Continuing concern about nuclear and missile programme
The UN Security Council unanimously approved new sanctions against North Korea on 7 March 2013. This was in response to the regime’s underground nuclear test, carried out on 12 February 2013, and to Pyongyang’s ongoing violations of previous UN resolutions.
Resolution 2094 (2013) tightens existing sanctions against North Korea, for example by prohibiting all of the financial services listed in the sanctions. The inspection system will also be strengthened. There is a general obligation to monitor the flow of goods if it is suspected that they might be relevant to North Korea’s nuclear or ballistic missile programmes or other weapons of mass destruction. If a ship inspection is refused, North Korean ships will be forced to return to their port of origin. The Security Council also imposed travel bans on further individuals and froze their assets.
The EU is also tightening its sanctions
As an immediate reaction to North Korea’s nuclear test on 12 February 2013, the European Union also tightened its sanctions against the country’s leadership. The punitive measures are aimed, among other things, at the missile programme as well as at North Korea’s financial sector.
North Korea is isolated internationally and is one of the most closed‑off countries in the world. The population is suffering as a result of the poor economic situation, the lack of basic necessities and political repression. The international community is making every effort to persuade North Korea to abandon its nuclear programme. The most important forum for these efforts were the six-party talks that started in 2003 between the two Koreas, the United States, China, Russia and Japan. However, the talks broke down in 2009 and have not been resumed.

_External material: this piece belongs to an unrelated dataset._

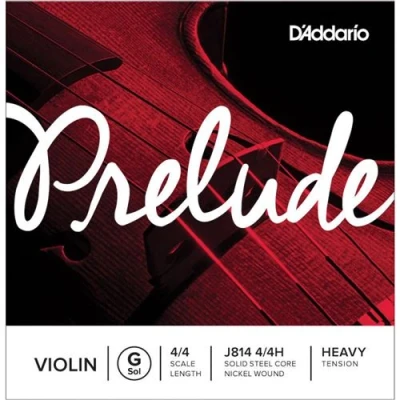 Image de D&#039;Addario J814 4/4H Corde seule (sol) violon 4/4 Prelude, Heavy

The German Government supports the launch of substantive negotiations on North Korea’s nuclear and missile programme. North Korea must halt these programmes, as demanded by the UN Security Council. During his visit to South Korea in October 2014, former Foreign Minister Frank‑Walter Steinmeier was highly critical of the lack of transparency in North Korea and called on the North Korean regime to discontinue its nuclear programme.
The German Government continues to regard the six-party talks as a suitable format for achieving a solution by diplomatic means. Until these talks are resumed, Germany is willing to host informal talks between the United States and North Korea.